WHAT NEEDS TO BE DONE :: Write out the data below in full, unchanged, minus the images.

DATASET CONTENT ::
########################################

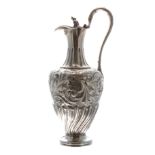 Good Victorian silver claret jug, the body repousse foliate scroll decorated within a half wrythen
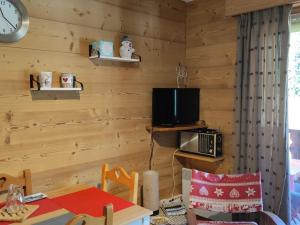 een kamer met een houten muur met een tafel en een televisie bij Appartement Saint-Jean-d'Aulps, 2 pièces, 4 personnes - FR-1-573-101 in Saint-Jean-dʼAulps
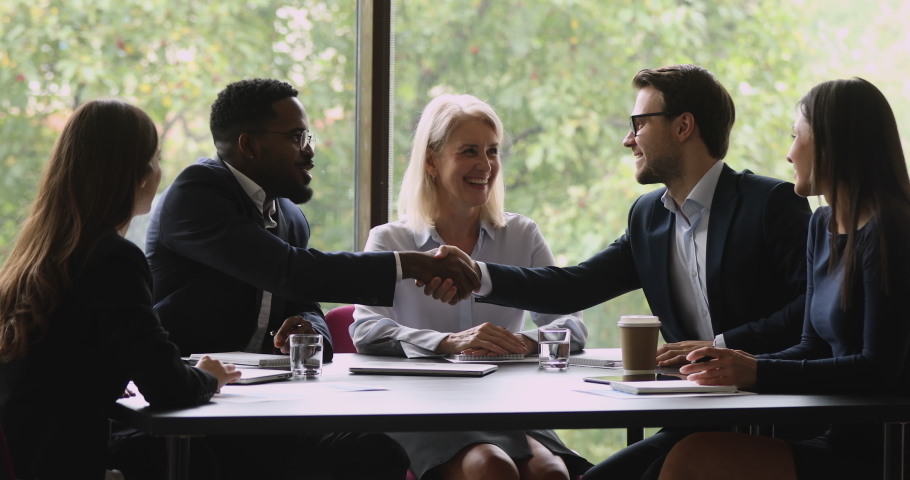 Middle aged smiling businesswoman watching diverse young businessmen in eyeglasses shaking hands after coming to agreement at negotiation meeting. Pleasant business people establishing partnership.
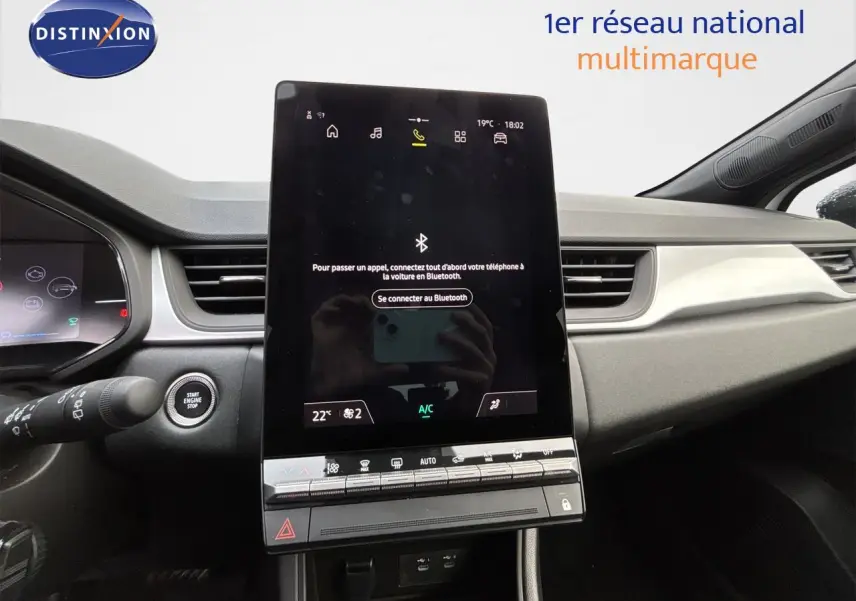 Vue intérieure centrée sur l'écran tactile vertical du tableau de bord de la Renault Symbioz blanc nacré, avec commandes climatisation visibles.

########################################

EXPECTED ANSWER ::
 Good Victorian silver claret jug, the body repousse foliate scroll decorated within a half wrythen
 een kamer met een houten muur met een tafel en een televisie bij Appartement Saint-Jean-d'Aulps, 2 pièces, 4 personnes - FR-1-573-101 in Saint-Jean-dʼAulps
 Middle aged smiling businesswoman watching diverse young businessmen in eyeglasses shaking hands after coming to agreement at negotiation meeting. Pleasant business people establishing partnership.
 Vue intérieure centrée sur l'écran tactile vertical du tableau de bord de la Renault Symbioz blanc nacré, avec commandes climatisation visibles.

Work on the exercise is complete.